By the year 2000 construction of solar panels at the largest photovoltaic manufacturing plant reached an estimated capacity of producing 100 megawatts of power a year. Solar power had become big business for manufacturers and sellers the world over. People worldwide, especially those in leadership roles were becoming increasingly aware of the need to lower our dependence on fossil fuels and develop more eco-friendly means of powering our lives. Scientific endeavour in the renewable energy industry was increasing exponentially and solar power was the flagship technology.

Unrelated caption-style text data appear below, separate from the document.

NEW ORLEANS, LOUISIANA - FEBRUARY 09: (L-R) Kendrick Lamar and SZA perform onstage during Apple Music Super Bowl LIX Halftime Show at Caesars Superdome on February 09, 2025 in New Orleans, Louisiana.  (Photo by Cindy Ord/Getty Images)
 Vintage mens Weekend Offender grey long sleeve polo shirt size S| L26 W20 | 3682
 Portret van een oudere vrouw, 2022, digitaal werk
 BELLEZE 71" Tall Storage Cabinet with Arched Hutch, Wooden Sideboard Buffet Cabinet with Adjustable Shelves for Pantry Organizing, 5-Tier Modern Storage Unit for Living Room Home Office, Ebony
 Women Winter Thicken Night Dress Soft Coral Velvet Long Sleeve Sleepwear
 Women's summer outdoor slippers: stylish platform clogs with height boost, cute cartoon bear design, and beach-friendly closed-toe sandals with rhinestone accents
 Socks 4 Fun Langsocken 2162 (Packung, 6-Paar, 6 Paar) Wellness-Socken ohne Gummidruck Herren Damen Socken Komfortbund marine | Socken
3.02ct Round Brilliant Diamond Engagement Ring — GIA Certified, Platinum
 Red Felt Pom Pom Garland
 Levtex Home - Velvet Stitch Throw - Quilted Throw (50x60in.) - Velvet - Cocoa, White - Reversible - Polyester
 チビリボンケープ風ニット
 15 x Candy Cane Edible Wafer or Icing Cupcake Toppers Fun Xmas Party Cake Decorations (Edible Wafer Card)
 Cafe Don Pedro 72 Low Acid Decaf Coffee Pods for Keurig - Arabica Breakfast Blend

Domestic solar panel implementation
At the turn of the century, large domestic and commercial solar initiatives were in play. In 2004, Governor Arnold Schwarzenegger proposed a scheme for 1 million solar roofs in the state of California. Germany along with a few other nations had developed a highly successful domestic solar photovoltaic market. By 2006, widespread news coverage of several major high street electrical retailers’ decision to stock solar PV modules and offer an install service started the ball rolling here in the UK. Now we are all familiar with solar photovoltaic arrays which we can see on the roofs of the buildings around us. At the end of 2011 there were 230,000 solar power projects in the United Kingdom. The UK government has said that 4 million homes across the country will be fully or partially powered by the sun within eight years. This is all thanks to technological developments and the fact that we have an insolation level (short for incident or incoming solar radiation) similar to that of Germany which is, and has been by far the biggest market for domestic photovoltaics, with currently more than one third capacity installed. Nonetheless, solar energy remains an underexploited resource in the United Kingdom, which continues to derive the majority of its energy from increasingly expensive and environmentally harmful fossil fuels such as gas and coal.
Utility scale solar power generation
In the past years we have seen enormous investment in utility-scale solar power plants, with records for the largest frequently being broken. Currently the largest solar energy plant is the Golmud Solar Energy plant in China, with an installed capacity of 200 megawatts. However, a solar project in India called Gujarat Solar Park, which is comprised of a collection of separate solar farms boast a combined installed capacity of 605 megawatts.